The Castle, once it became more than a church and small collection of dwellings, was built with defense in mind. From the highest remaining level of the ruins, you can see for miles into Austria and up and down the Danube. We stood and looked out over a vast land of rolling hills, sometimes dotted with groups of sheep. On the distant horizon was a line of wind turbines. Beneath the castle are the rivers meeting, churning into one another and throwing the brown riverbed up to the surface.
The history of the Castle Devin is convoluted. Possession of the hill and castle changed hands more times than I could keep track of, a retinue of unfamiliar royal names. One name that stuck out to me, Napoleon Bonaparte. In 1809, his forces shelled the castle, turning it into the ruin it is today.
A piece of the Iron Curtain ran just outside the castle, along the muddy bank of the Danube. It was here that people were shot trying to cross the river under the veil of night. The tumultuous, violent history of Europe is all here at once, both modern and ancient, relevant and forgotten.
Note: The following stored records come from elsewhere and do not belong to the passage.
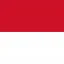 Flag of Indonesia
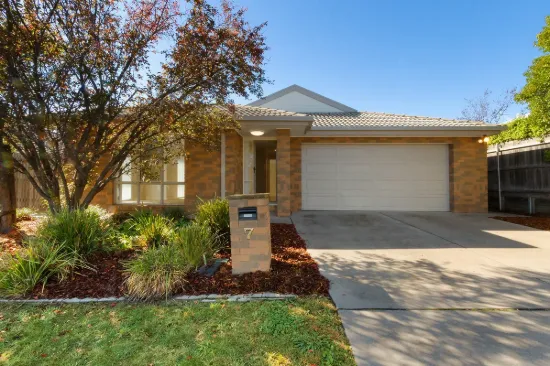 7 Funder Street, Bruce, ACT 2617
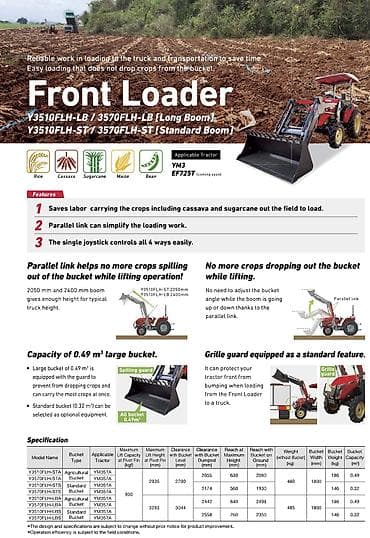 Тракторы YANMAR: 🇯🇵 YANMAR — легендарное японское качество теперь доступно в — 9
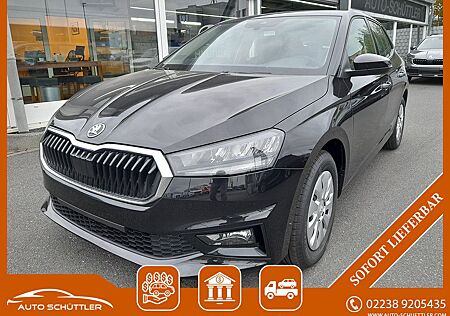Skoda Fabia ,LED,DSG,Kamera,Sitzheiz,Apple,Spurhalte
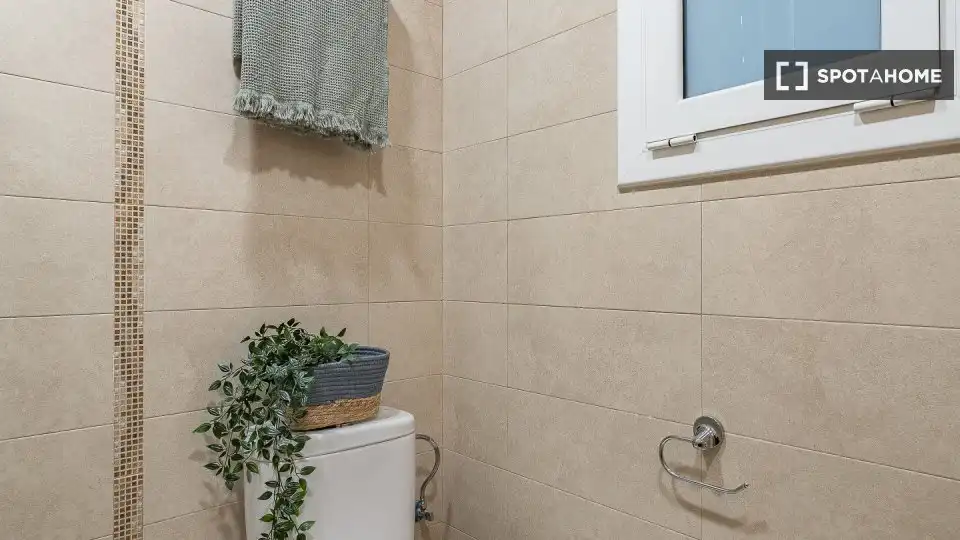 Habitación en El Carmel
In the shadow of the castle, before one reaches the river, are two modern structures – a memorial to the victims of Communism, and an abandoned rectangular building. The building is overgrown and falling to pieces. The pieces that haven’t fallen are covered in graffiti. I don’t know the building’s purpose.
The abandoned building’s visual relation to the castle left me with a strange feeling. Each one of those structures was a testament to the ceaseless power of time. How important the people who ruled here thought they were…
I felt like I was standing on the cusp of some understanding.